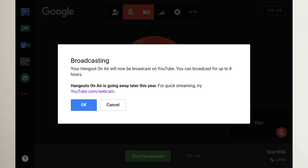As you probably know, Hangouts on Air will be going away sometime later this year. YouTube recommends trying the desktop webcam live streaming as an alternative, but the webcam live streaming doesn't have all the same features as Hangouts on Air.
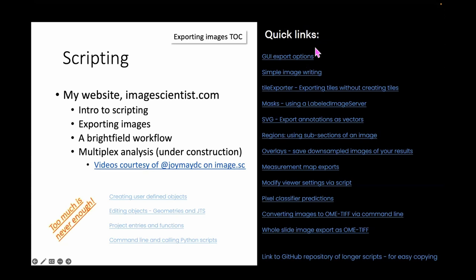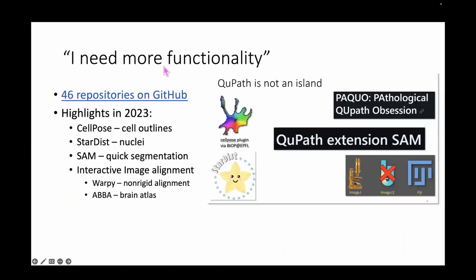There's also an entire section on exporting images — probably the most commonly referenced section. When people ask why it's not easy to just export an image, it's because there are many ways to export: creating a mask that's class-based, or instance-based where every cell is a value of 1, 2, 3, on multiple layers for different classes. This goes through most of those cases, though I probably need to add a section on density maps because there was just another forum post recently about exporting density maps as images.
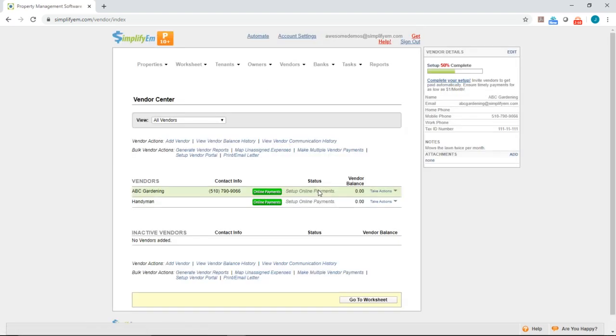Now we're back on the Vendor Center. We can see the vendor was added right here, ABC Gardening.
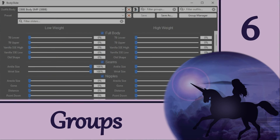And that's it for this explanation of groups in Bodyslide. Proper usage of groups by both mod authors and Bodyslide users makes everyone's life a lot easier. In a later video, we will do some batch building together so you can see more about groups in action. Thanks for watching, and I'll see you again soon — until then, happy outfitting!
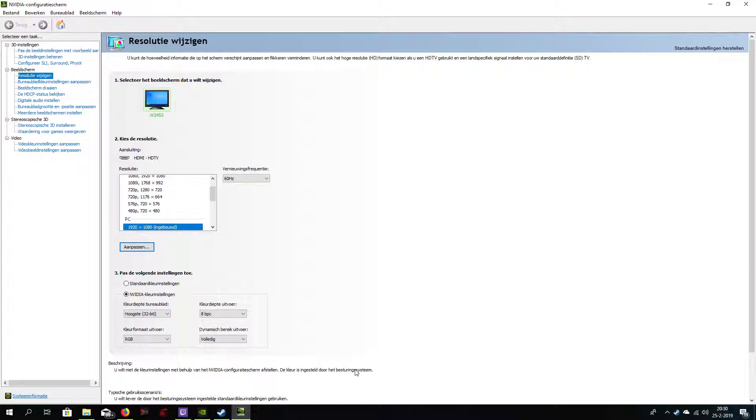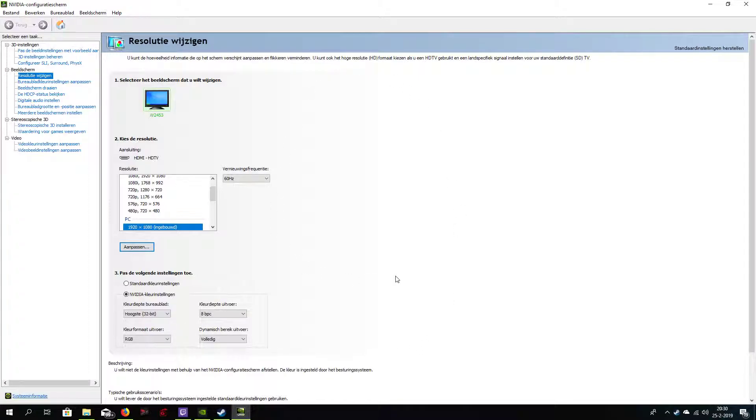But the problem is the system might change or tries to change the bit depth of the current application or even with a background app that's requiring some other settings.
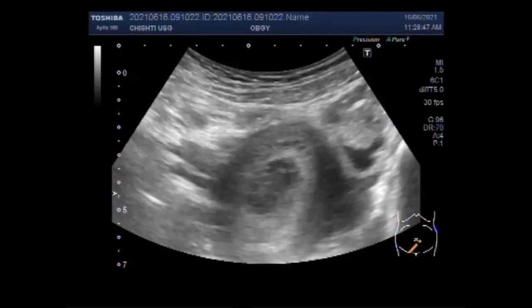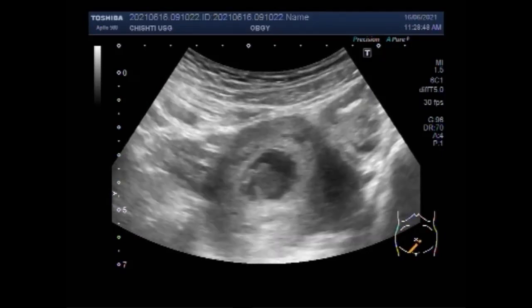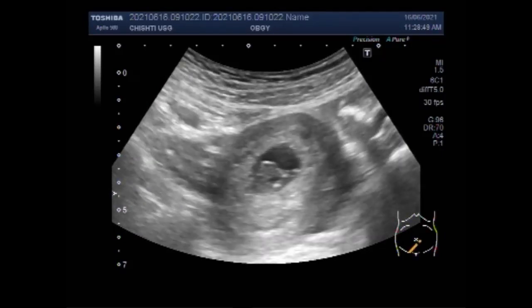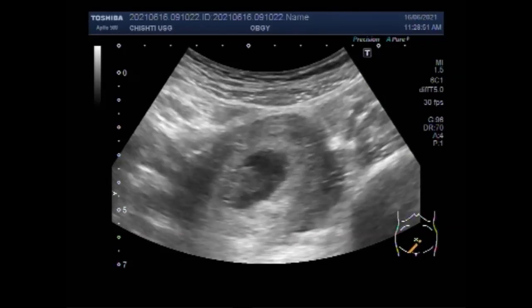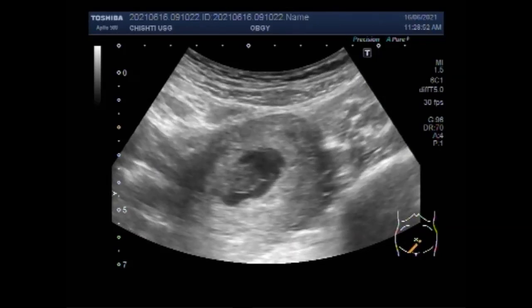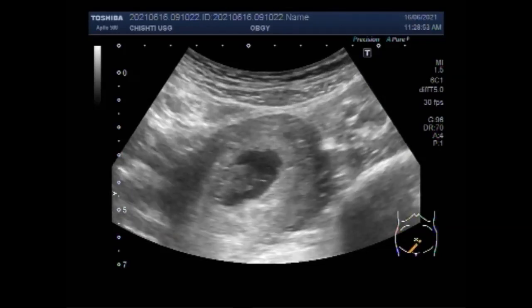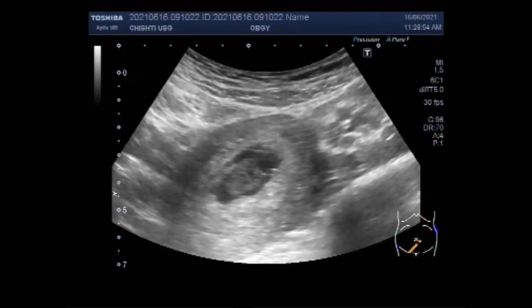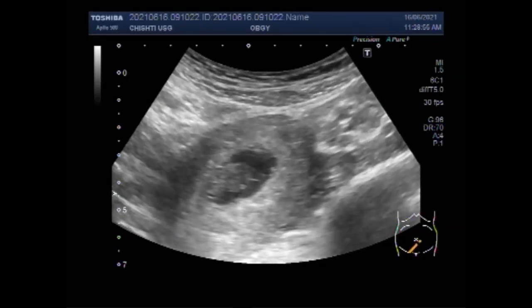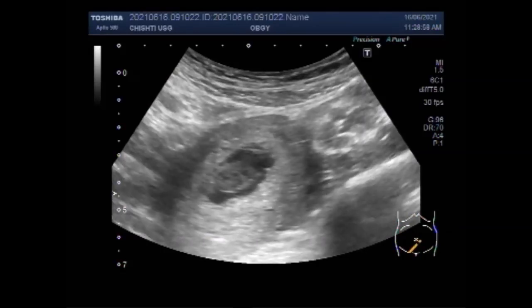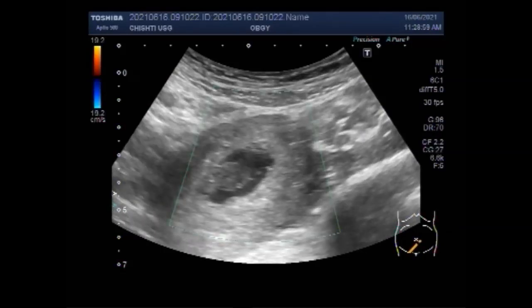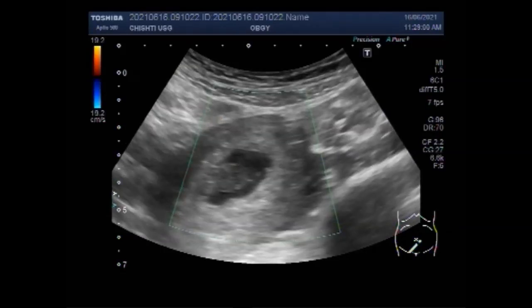Now again you can see the uterus having a fetal pole with no cardiac activity. No blood flow is seen in the fetus.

TASK TO COMPLETE:
Could you copy the lines above exactly and skip the images?

TASK RESULT:
As you probably know, Hangouts on Air will be going away sometime later this year. YouTube recommends trying the desktop webcam live streaming as an alternative, but the webcam live streaming doesn't have all the same features as Hangouts on Air.
There's also an entire section on exporting images — probably the most commonly referenced section. When people ask why it's not easy to just export an image, it's because there are many ways to export: creating a mask that's class-based, or instance-based where every cell is a value of 1, 2, 3, on multiple layers for different classes. This goes through most of those cases, though I probably need to add a section on density maps because there was just another forum post recently about exporting density maps as images.
Now we're back on the Vendor Center. We can see the vendor was added right here, ABC Gardening.
And that's it for this explanation of groups in Bodyslide. Proper usage of groups by both mod authors and Bodyslide users makes everyone's life a lot easier. In a later video, we will do some batch building together so you can see more about groups in action. Thanks for watching, and I'll see you again soon — until then, happy outfitting!
But the problem is the system might change or tries to change the bit depth of the current application or even with a background app that's requiring some other settings.
Now again you can see the uterus having a fetal pole with no cardiac activity. No blood flow is seen in the fetus.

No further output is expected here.